Which lines run from the start of the material below through the line containing "El encendido del"? Retype them exactly, pictures excluded.
<<<<
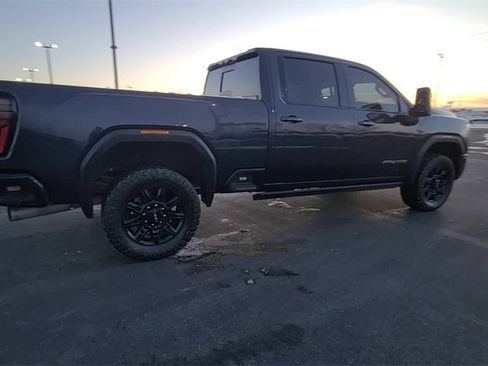 Used 2024 GMC Sierra 3500 AT4 w/ AT4 Premium Plus Package image 6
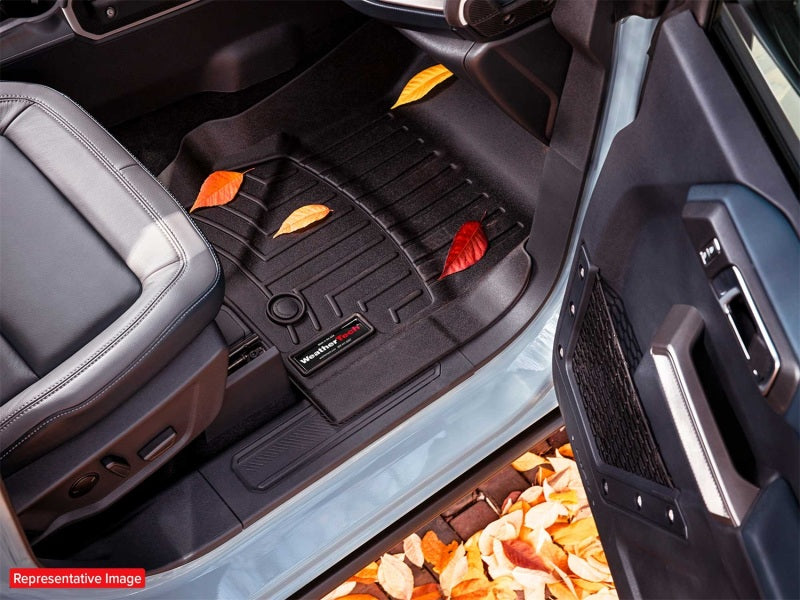WeatherTech 2017+ Ford F-250/F-350/F-450/F-550 Front FloorLiner - Black (fits 4x4 Floor Shifter)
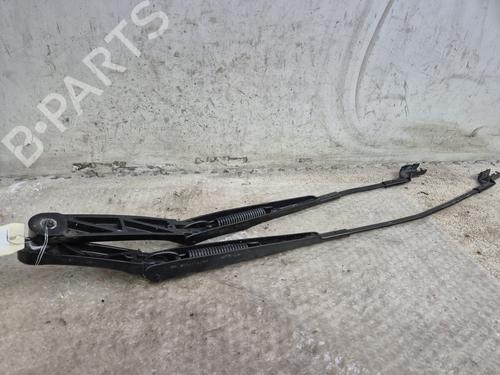 Used Front windshield wiper arm VW GOLF VII (5G1, BQ1, BE1, BE2) 1.6 TDI (110 hp) 27187957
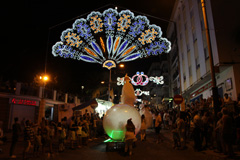 El encendido del alumbrado da el pistoletazo de salida a la feria  2017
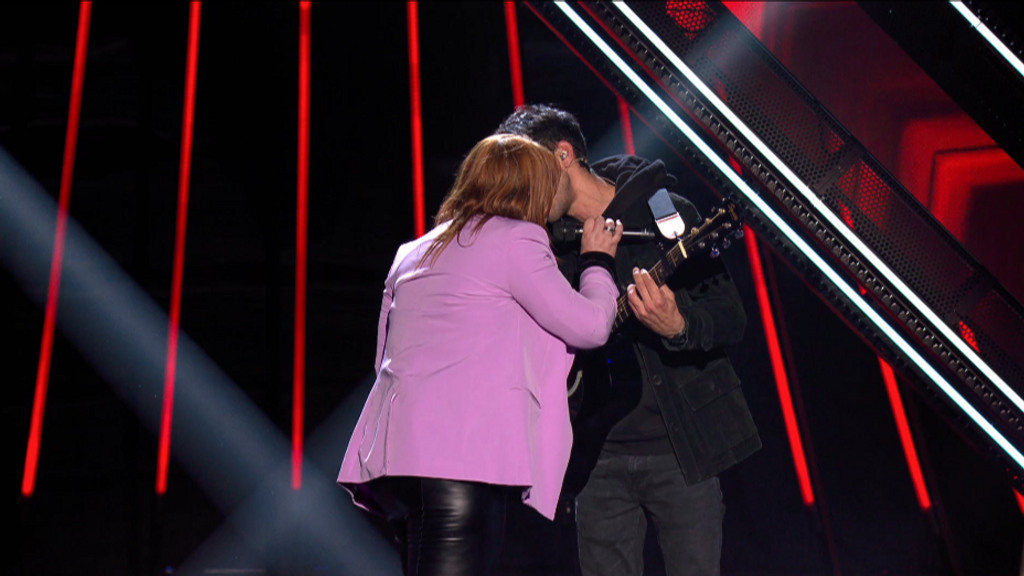 Manu y May llenan de amor el plató de 'Factor X' con un apasionado beso al terminar su actuación: "¡Qué bonito es el amor!"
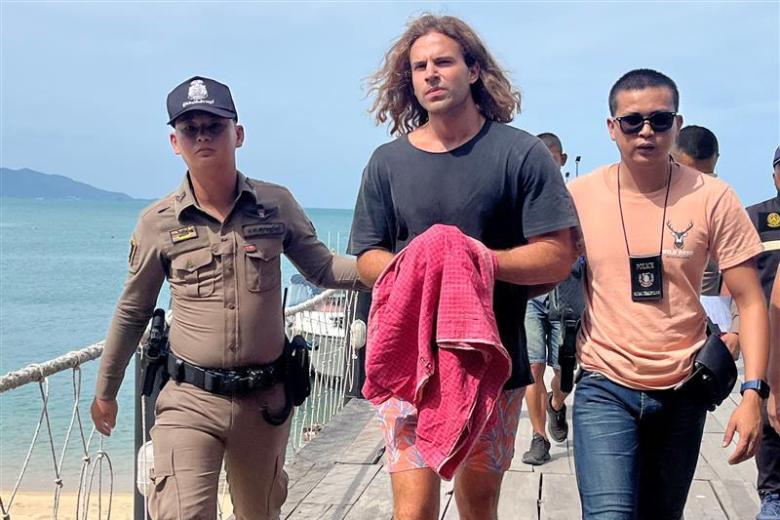 «Se ha hecho justicia». Con estas palabras Juango Ospina, el principal abogado de la familia de Edwin Arrieta, rompía su silencio tras conocer la sentencia a cadena perpetua de Daniel Sancho por el asesinato premeditado del cirujano colombiano. Sancho, de 30 años, se declaró culpable de ocultar el cadáver de la víctima, pero negó el asesinato premeditado.
Afirmó que había actuado en defensa propia después de una supuesta agresión sexual. Desde ese momento, el hijo de Rodolfo Sancho está cumpliendo su condena en la prisión de Surat Thani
>>>>
■ RESPONSE AREA:
 Used 2024 GMC Sierra 3500 AT4 w/ AT4 Premium Plus Package image 6
WeatherTech 2017+ Ford F-250/F-350/F-450/F-550 Front FloorLiner - Black (fits 4x4 Floor Shifter)
 Used Front windshield wiper arm VW GOLF VII (5G1, BQ1, BE1, BE2) 1.6 TDI (110 hp) 27187957
 El encendido del alumbrado da el pistoletazo de salida a la feria  2017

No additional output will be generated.